Su Majestad se mostró sensible con los parados, con los jubilados, con las víctimas del terrorismo, con los inmigrantes y con los emigrantes, y reconoció el sacrificio y el coraje de los más afectados por la crisis. "No podemos aceptar como normal la angustia de los millones de españoles que no pueden trabajar. La crisis empezará a resolverse cuando los parados tengan oportunidad de trabajar". Chapó.
Su intervención sorprendió a los ciudadanos, acostumbrados durante tantos años al sonido nasal y monótono hasta el bostezo de anteriores sermones reales, concebidos como placebo para facilitar la digestión del asado navideño. El monarca supo tocar los asuntos centrales de la crisis política y arrojó sobre ellos el condimento marca de la casa: diálogo y acuerdo.
Otra cosa es que la vieja receta con la que se cocinó la democracia en España siga sirviendo para tanto roto y tanto descosido como sufre la piel de toro en estos momentos. Esa medicina, buena para casi todo, puede resultar contraindicada cuanto enfrente surge un visionario tan insensato como Arturo Mas. Y la prueba de que el Rey patinó en esa parte del mensaje navideño fue la inmediata respuesta del líder de los separatistas catalanes, que pidió "respeto a la voz mayoritaria del pueblo catalán". Solo la osadía de contestar a Don Juan Carlos, casi como de igual a igual, supone mucho más que un indicio de que con el ´Moisés catalán´ no caben diálogos y pactos, porque quien está dispuesto a romper España, saltándose la Ley de Leyes, no caben componendas. Por más que a ratos vuelva a disfrazarse con la piel de oveja del ´seny´ y asegure, como hizo ayer, que los catalanes "quieren decidir su futuro en buena convivencia y con respeto a los otros pueblos de España". Es decir, que pide ´buen rollito´ con quienes les estamos robando, según el ideario nazi-onanista. Por más que lo diga el Rey, no es el momento de actualizar los acuerdos básicos de la convivencia entre los españoles "con generosidad para ceder cuando es preciso, para comprender las razones del otro y para hacer del diálogo el método de solución de los problemas colectivos". Esa oportunidad pasó de largo, si es que existió alguna vez. Ahora ha llegado el momento de que el Gobierno, el Parlamento, y también, por qué no, la Corona, pongan a los separatistas frente a la Constitución, en lugar de sentarse con ellos a negociar.

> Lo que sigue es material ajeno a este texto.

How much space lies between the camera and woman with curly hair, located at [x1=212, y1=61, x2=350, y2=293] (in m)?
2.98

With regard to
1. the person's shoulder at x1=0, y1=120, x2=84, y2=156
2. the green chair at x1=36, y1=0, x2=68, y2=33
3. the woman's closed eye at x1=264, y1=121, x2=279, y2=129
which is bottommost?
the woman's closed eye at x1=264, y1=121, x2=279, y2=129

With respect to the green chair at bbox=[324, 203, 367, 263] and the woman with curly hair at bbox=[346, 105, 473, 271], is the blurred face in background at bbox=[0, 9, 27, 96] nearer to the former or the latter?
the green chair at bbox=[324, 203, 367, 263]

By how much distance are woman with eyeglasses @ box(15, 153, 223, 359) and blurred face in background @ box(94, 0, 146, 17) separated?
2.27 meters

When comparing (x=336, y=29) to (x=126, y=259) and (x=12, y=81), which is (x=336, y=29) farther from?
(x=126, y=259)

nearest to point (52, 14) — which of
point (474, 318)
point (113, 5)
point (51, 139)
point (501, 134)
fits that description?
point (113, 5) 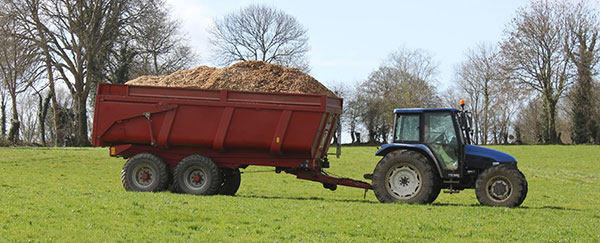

Es verdad que Don Juan Carlos dio en la diana cuando reconoció "la necesidad de mejorar en muchos aspectos la calidad de la democracia, en la crucial tarea de modernización y regeneración de España". Y sin embargo, el pasado más reciente del monarca y su entorno con tufo de corrupción le desautorizan para liderar ese proceso. Las andanzas de su hija de la mano de Urdangarin fueron emprendidas con un cierto sentido de imitación del padre y suegro.